Below is the edited transcript of the interview on CNBC-TV18. Also watch the accompanying video.
Q: Investor can invest Rs 30,000 as lumpsum in mutual funds. He doesn't have health insurance. He has been insured through his company. He earns around Rs 10 lakh per annum. How should he allocate the money?
A: With the kind of income that you have, unless you have a lot of assets, the Rs 60 lakh cover that you have is not sufficient. You probably need to enhance that to about a crore or so and obviously you know the way to do it is through an online term plan clearly.
As far as this Rs 30,000 lumpsum is concerned, you have a long-term view. If you have a 10 year view, then it’s probably a little different. But if you have a 5 year view, since the amount is not very large, I would recommend a lumpsum investment in a balanced fund.
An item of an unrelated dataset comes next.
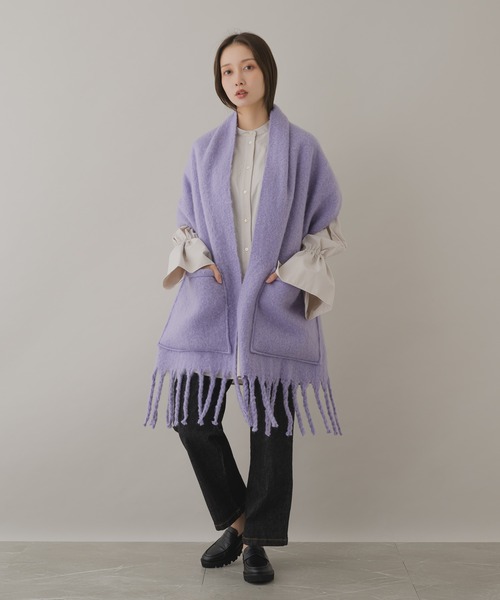 KATHARINE ROSS（キャサリンロス）の「【KATHARINE ROSS】WEB限定 ポケット付ボリュームストール（ストール/ショール・レディース・ホワイト/グレー/パープル・MEDIUM）」の16枚目の写真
You could choose between HDFC Prudence or a Reliance Regular Saving Balanced Fund. Essentially, for a 5 year horizon, that's what I would recommend, given the amount that you are planning to invest.
Q: If it's a 10 year frame?
A: If it's a 10 year frame, you can afford to go a little more aggressive. You can look at large cap and equity diversified funds rather than go for the relative safety of a balanced fund.
Q: An investor wants to invest Rs 2,000 per month in equity exposure. He wants to invest for 10-15 years for his children's education. How should he allocate the money?
A: If your time horizon is large, if it is 10-15 years, you should definitely look at a reasonably aggressive portfolio where you can put in about 90% in large cap and diversified equity funds. We had indicated the fund names in response to the first question. You can look at Franklin Bluechip. You can look at HDFC Top 200, DSP Blackrock Top 100.
I would advocate, if you don't have any debt exposure, out of this amount you put aside about Rs 200-300 every month in a PPF, about 90% in a equity mutual fund, about 10% in a high-yielding debt instrument like a PPF. That I would say would be a good mix.
You should review your insurance because employer provided insurance may not remain with you if you leave your job. Secondly, employers continuously review the cover because it's becoming more expensive. That's something I would advise you to review. Consult a good personal finance adviser and review your entire plan with him. That really would be the advice.